Nas nossas vida há sempre figuras que nos marcam. Pessoas que por um ou outro motivo, ficam para sempre como sendo nossas. Na minha vida tive várias figuras maternais. A minha avó. A minha mãe. As minhas tias. Duas delas. Uma do Alentejo, outra daqui. Ora a minha tia daqui, foi sem dúvida um elo importante, no meu nucleo familiar. Sem dúvida uma outra mãe. A mãe onde passava tardes inteiras na minha infância. Onde aprendi a gostar de tanta coisa. Onde sentia paz e sossego. Onde brincava com as suas filhas, as minhas primas. Enfim... com o tempo afastámo-nos. Eu afastei-me. Dizia eu que não tinha tempo. E na verdade não tinha. E é com isso na consciência que hei-de viver. Ela teve tempo para mim, mas eu não tive tempo para ela. E ela disse-me. Um dia. Um dia que já lá vai e que não voltará. - Hoje não tens tempo, mas quando eu ou o teu tio fechar os olhos, terás. Mas ai já não te veremos.
E esse dia chegou. E estas palavras veem vezes e vezes sem conta à minha memória. Hoje ela não me Vê. Hoje eu choro a sua ausência, lembrando a mim própria que tinha outras prioridades, coisas que pareciam tão coerentes e que agora já não me parecem assim tão importantes. Não importa o quê, importa é que eu não estive lá. Hoje o meu tio sofre. Claro que sim. Aquela tia era um rochedo. Tanto era que tudo dependia dela. Ela ajudava-os a todos.
E morre-se assim...
Num dia andamos a passear felizes a fazer planos, a tomar decisões...
No outro... bem no outro. No outro vem um ataque de tosse fortissimo e máta-nos sem dó nem piedade.
A tia A.M. morreu. Dizemos ao telefone. Como? Não pode ser...
E chegamos a receber telefonemas, para confirmar se realmente era verdade. Isto mostra-nos o quão forte e firme era ela. Assim. Tia... se eu pudesse. Sei que de nada agora vale. Mas com as minha atitudes vivo eu. E sou eu que viverei a pensar no tempo que não tive ou não quis ter. Sim porque quando se quer, esse tempo chega para tudo.
Lembro-me de tanta coisa, mas o que mais ficou, foi o seu chocolatinho quentinho.

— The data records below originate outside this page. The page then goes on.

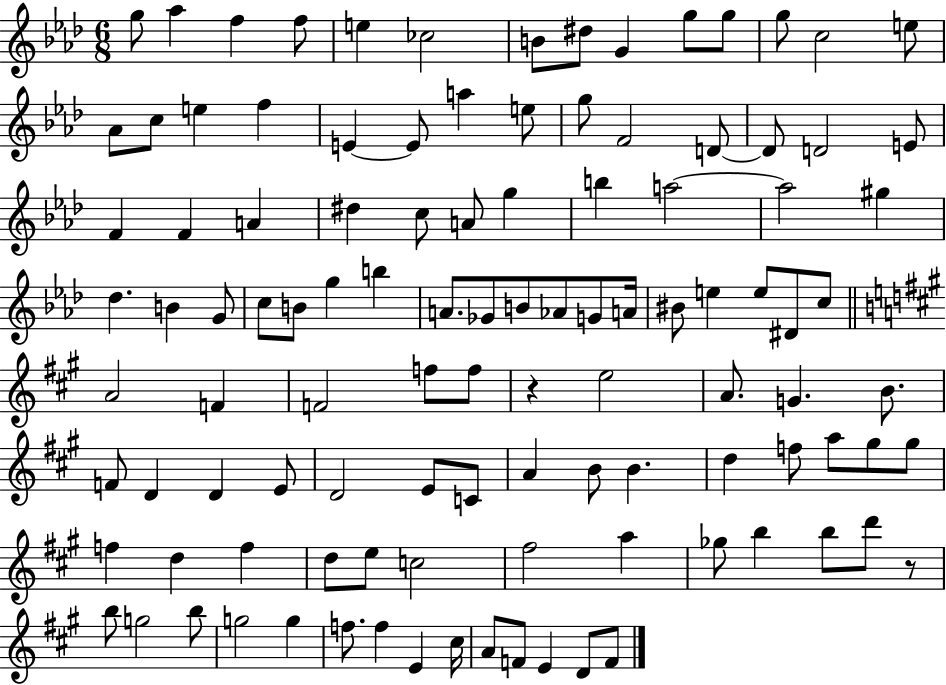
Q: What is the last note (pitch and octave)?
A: F4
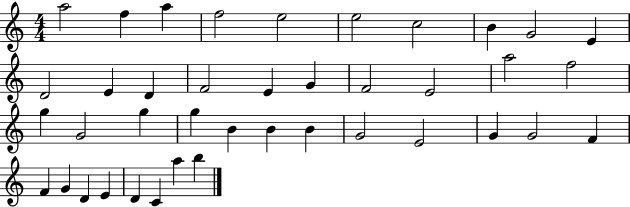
A5/h F5/q A5/q F5/h E5/h E5/h C5/h B4/q G4/h E4/q D4/h E4/q D4/q F4/h E4/q G4/q F4/h E4/h A5/h F5/h G5/q G4/h G5/q G5/q B4/q B4/q B4/q G4/h E4/h G4/q G4/h F4/q F4/q G4/q D4/q E4/q D4/q C4/q A5/q B5/q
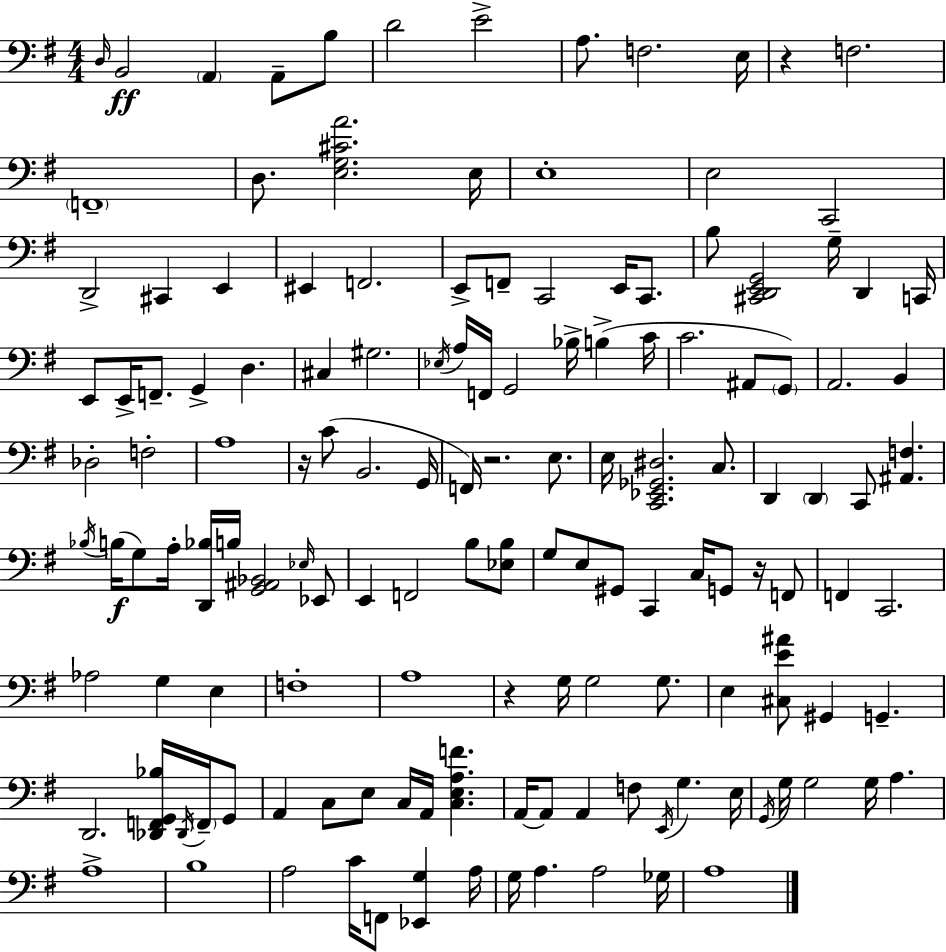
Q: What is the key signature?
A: G major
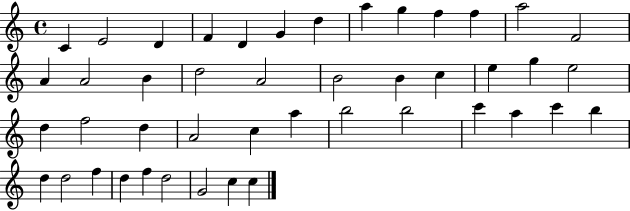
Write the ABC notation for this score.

X:1
T:Untitled
M:4/4
L:1/4
K:C
C E2 D F D G d a g f f a2 F2 A A2 B d2 A2 B2 B c e g e2 d f2 d A2 c a b2 b2 c' a c' b d d2 f d f d2 G2 c c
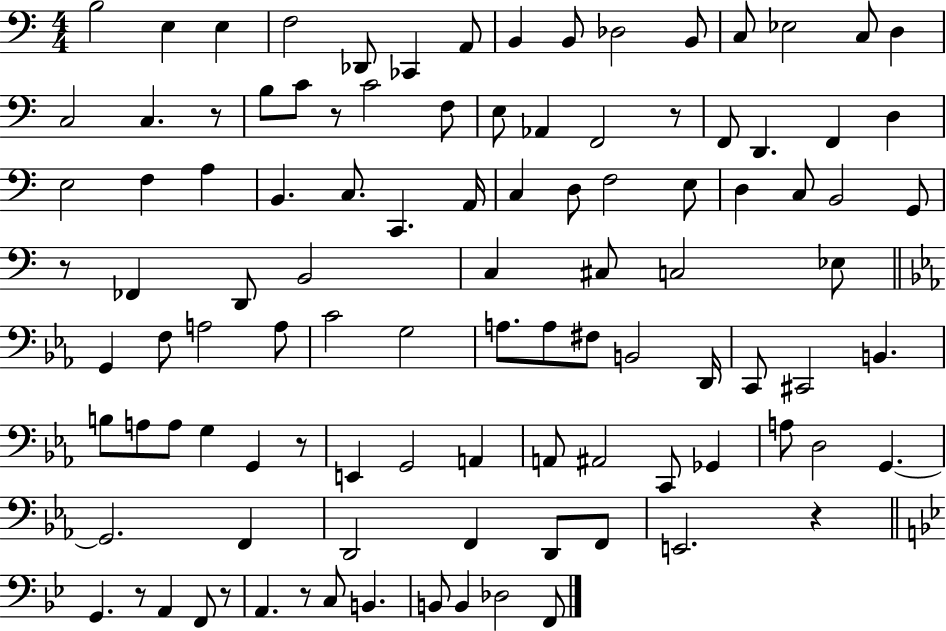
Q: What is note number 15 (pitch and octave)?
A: D3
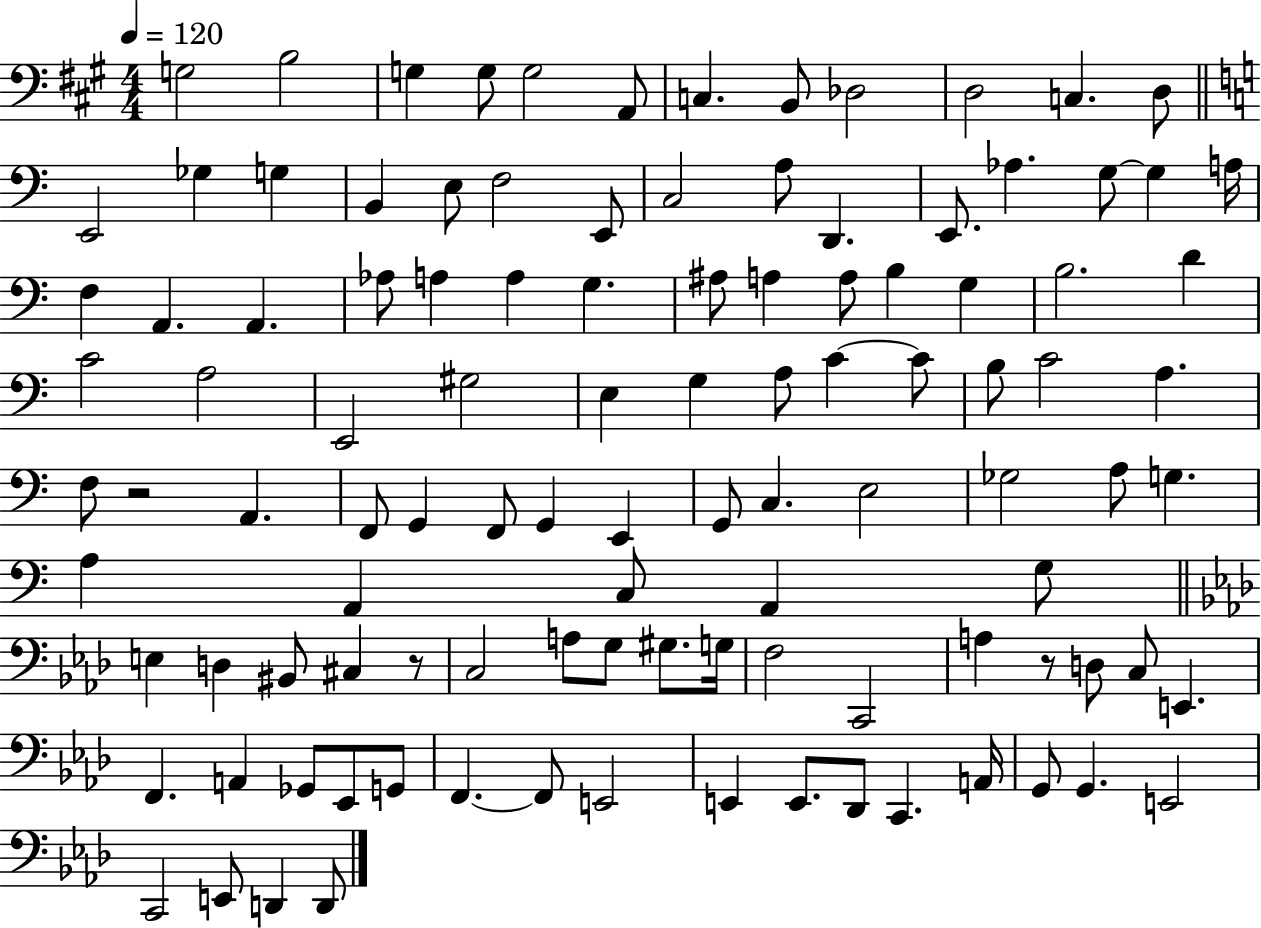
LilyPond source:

{
  \clef bass
  \numericTimeSignature
  \time 4/4
  \key a \major
  \tempo 4 = 120
  \repeat volta 2 { g2 b2 | g4 g8 g2 a,8 | c4. b,8 des2 | d2 c4. d8 | \break \bar "||" \break \key a \minor e,2 ges4 g4 | b,4 e8 f2 e,8 | c2 a8 d,4. | e,8. aes4. g8~~ g4 a16 | \break f4 a,4. a,4. | aes8 a4 a4 g4. | ais8 a4 a8 b4 g4 | b2. d'4 | \break c'2 a2 | e,2 gis2 | e4 g4 a8 c'4~~ c'8 | b8 c'2 a4. | \break f8 r2 a,4. | f,8 g,4 f,8 g,4 e,4 | g,8 c4. e2 | ges2 a8 g4. | \break a4 a,4 c8 a,4 g8 | \bar "||" \break \key f \minor e4 d4 bis,8 cis4 r8 | c2 a8 g8 gis8. g16 | f2 c,2 | a4 r8 d8 c8 e,4. | \break f,4. a,4 ges,8 ees,8 g,8 | f,4.~~ f,8 e,2 | e,4 e,8. des,8 c,4. a,16 | g,8 g,4. e,2 | \break c,2 e,8 d,4 d,8 | } \bar "|."
}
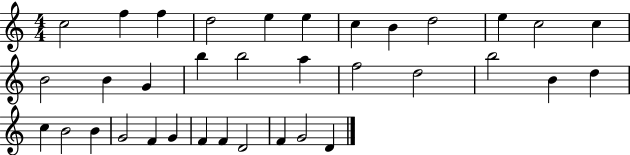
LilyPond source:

{
  \clef treble
  \numericTimeSignature
  \time 4/4
  \key c \major
  c''2 f''4 f''4 | d''2 e''4 e''4 | c''4 b'4 d''2 | e''4 c''2 c''4 | \break b'2 b'4 g'4 | b''4 b''2 a''4 | f''2 d''2 | b''2 b'4 d''4 | \break c''4 b'2 b'4 | g'2 f'4 g'4 | f'4 f'4 d'2 | f'4 g'2 d'4 | \break \bar "|."
}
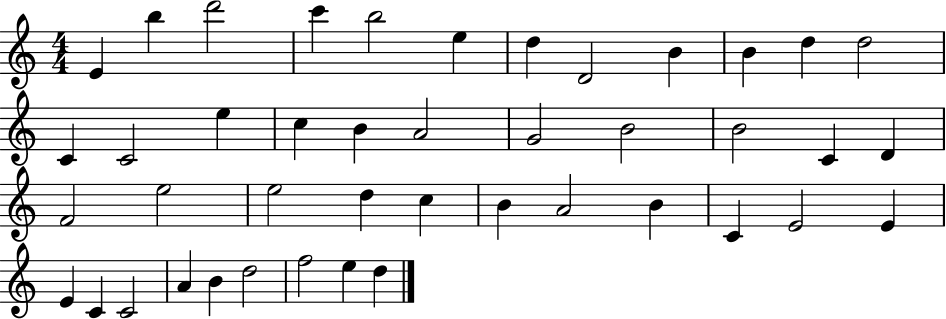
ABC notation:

X:1
T:Untitled
M:4/4
L:1/4
K:C
E b d'2 c' b2 e d D2 B B d d2 C C2 e c B A2 G2 B2 B2 C D F2 e2 e2 d c B A2 B C E2 E E C C2 A B d2 f2 e d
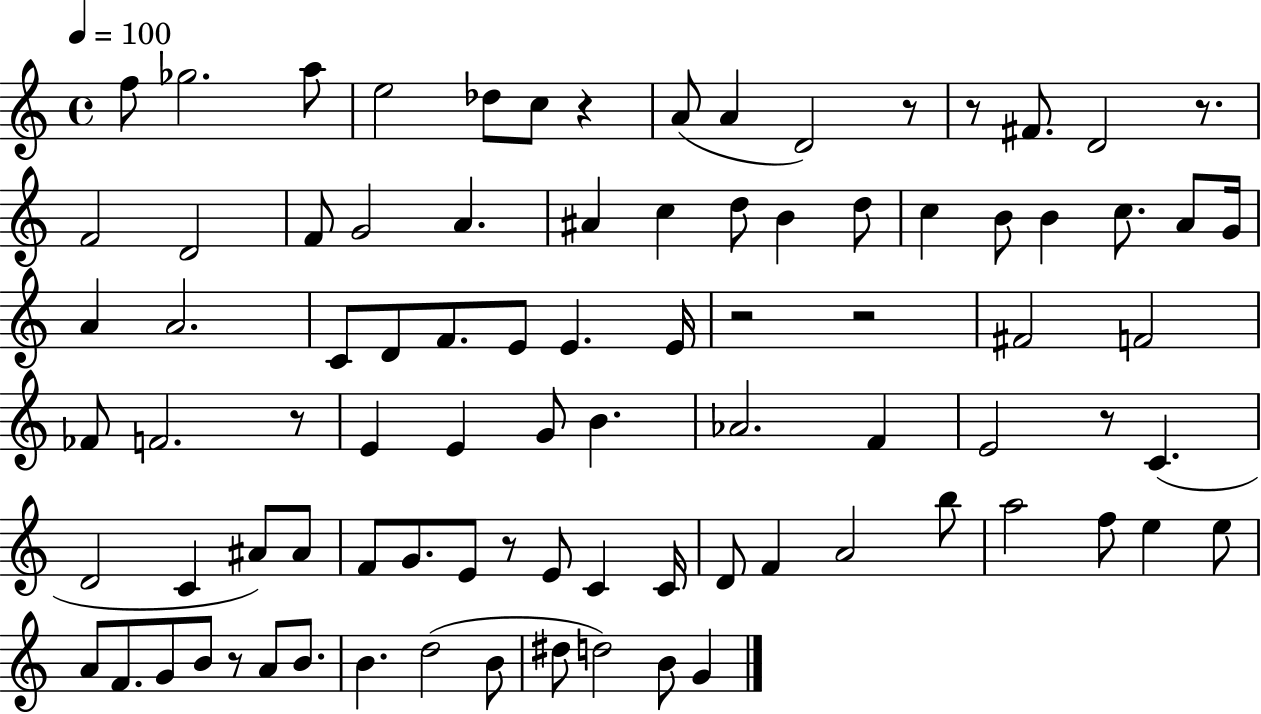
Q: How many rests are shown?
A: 10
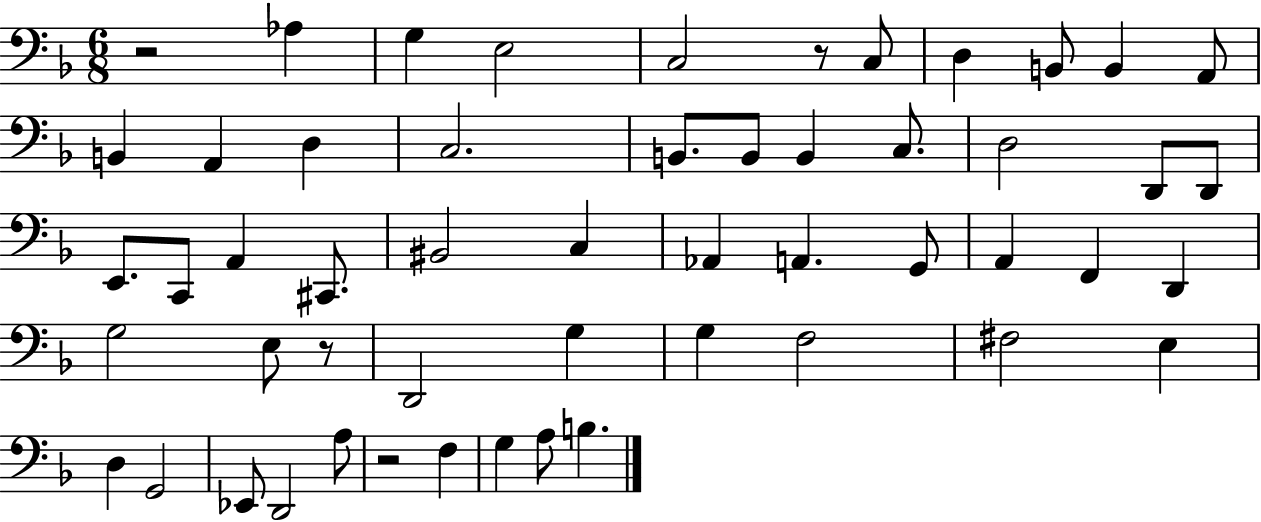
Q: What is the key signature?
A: F major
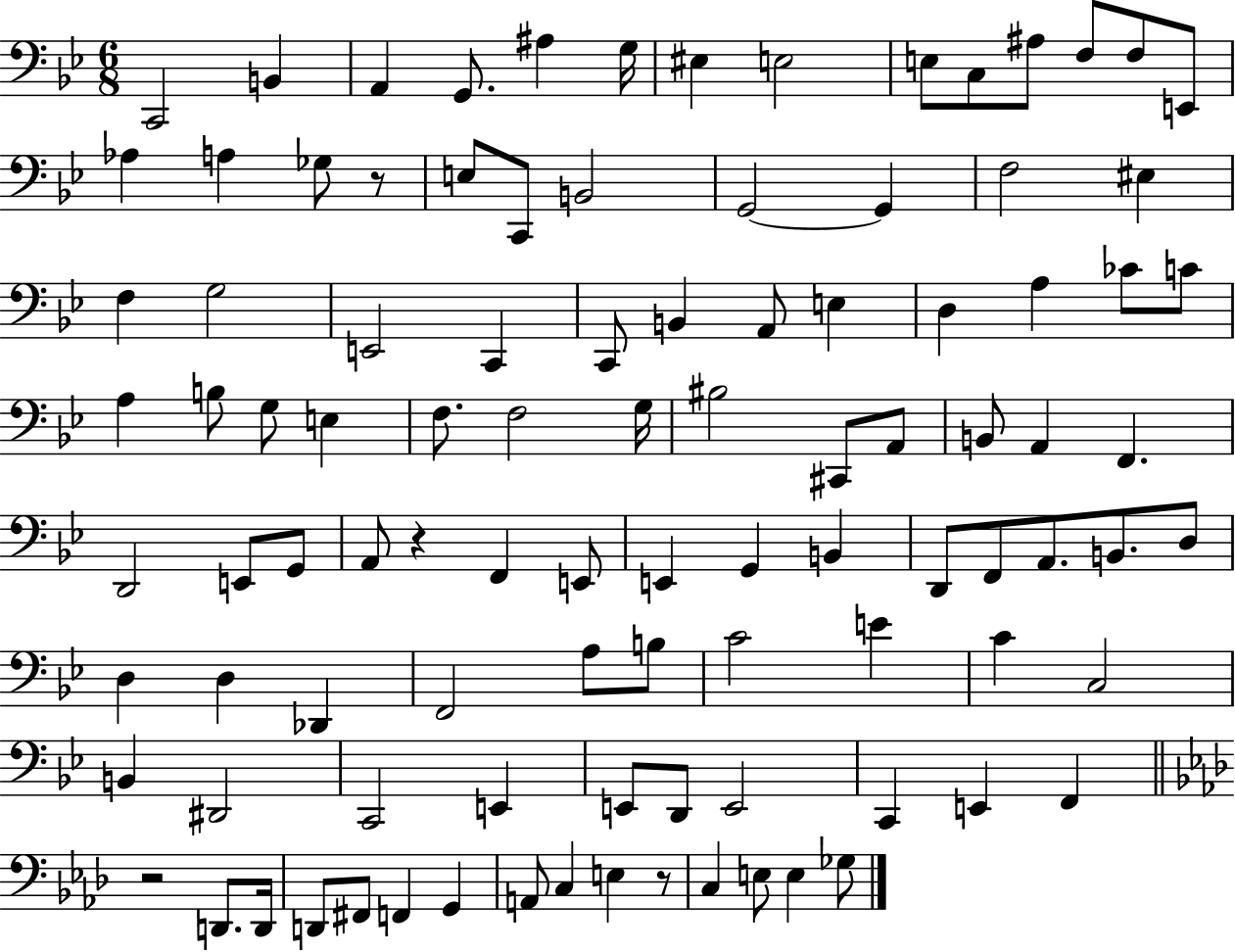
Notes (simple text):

C2/h B2/q A2/q G2/e. A#3/q G3/s EIS3/q E3/h E3/e C3/e A#3/e F3/e F3/e E2/e Ab3/q A3/q Gb3/e R/e E3/e C2/e B2/h G2/h G2/q F3/h EIS3/q F3/q G3/h E2/h C2/q C2/e B2/q A2/e E3/q D3/q A3/q CES4/e C4/e A3/q B3/e G3/e E3/q F3/e. F3/h G3/s BIS3/h C#2/e A2/e B2/e A2/q F2/q. D2/h E2/e G2/e A2/e R/q F2/q E2/e E2/q G2/q B2/q D2/e F2/e A2/e. B2/e. D3/e D3/q D3/q Db2/q F2/h A3/e B3/e C4/h E4/q C4/q C3/h B2/q D#2/h C2/h E2/q E2/e D2/e E2/h C2/q E2/q F2/q R/h D2/e. D2/s D2/e F#2/e F2/q G2/q A2/e C3/q E3/q R/e C3/q E3/e E3/q Gb3/e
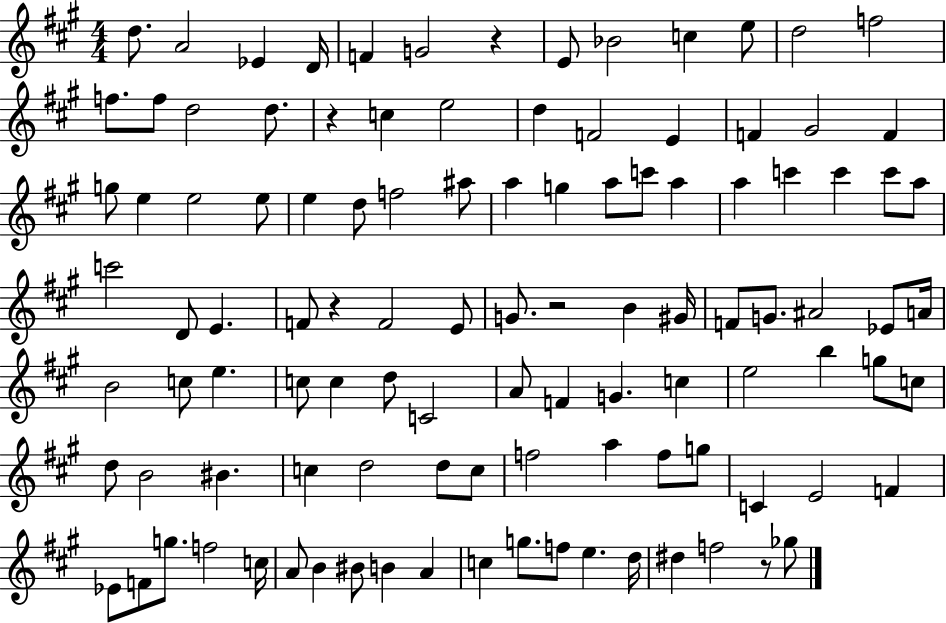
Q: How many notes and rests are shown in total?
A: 108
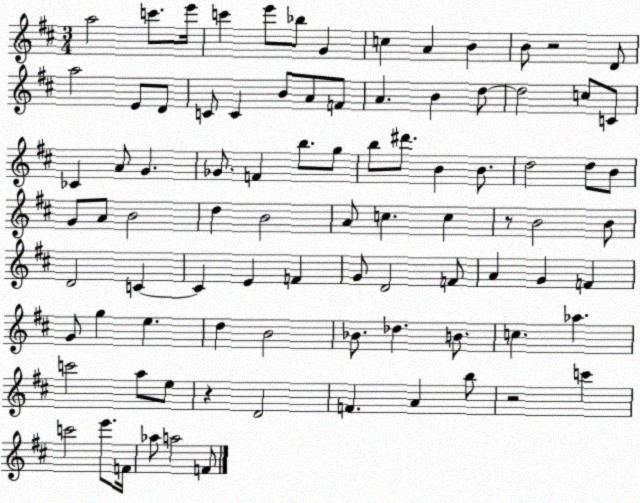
X:1
T:Untitled
M:3/4
L:1/4
K:D
a2 c'/2 e'/4 c' e'/2 _b/2 G c A B B/2 z2 D/2 a2 E/2 D/2 C/2 C B/2 A/2 F/2 A B d/2 d2 c/2 C/2 _C A/2 G _G/2 F b/2 g/2 b/2 ^d'/2 B B/2 d2 d/2 B/2 G/2 A/2 B2 d B2 A/2 c c z/2 B2 B/2 D2 C C E F G/2 D2 F/2 A G F G/2 g e d B2 _B/2 _d B/2 c _a c'2 a/2 e/2 z D2 F A b/2 z2 c' c'2 e'/2 F/4 _a/2 a2 F/2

A sua enorme paciência e dedicação. O seu amor, por mim, quando eu parecia nunca ir tê-lo. Mas infelizmente a vida também me transformou assim. Despegada de tudo. A acreditar que para tudo iremos ter tempo. Quando na verdade não somos nada. Somos apenas aquilo que vivemos no dia a dia.
Teve uma morte sem muita dor. Um ataque de tosse. Um desmaio. A mão do tio e da prima por perto. E deixou-nos assim. Como pode a vida, atraiçoar-nos com uma coisa tão banal?
Então tossimos e morremos?
Só isso?
Não somos nada.
A si, que não ouvirá, mas que sempre soube, que foi uma das figuras mais centrais na minha vida. A si... prometo que irei ter tempo para o tio, porque infelizmente, para si já precisarei de ter.
Fátima.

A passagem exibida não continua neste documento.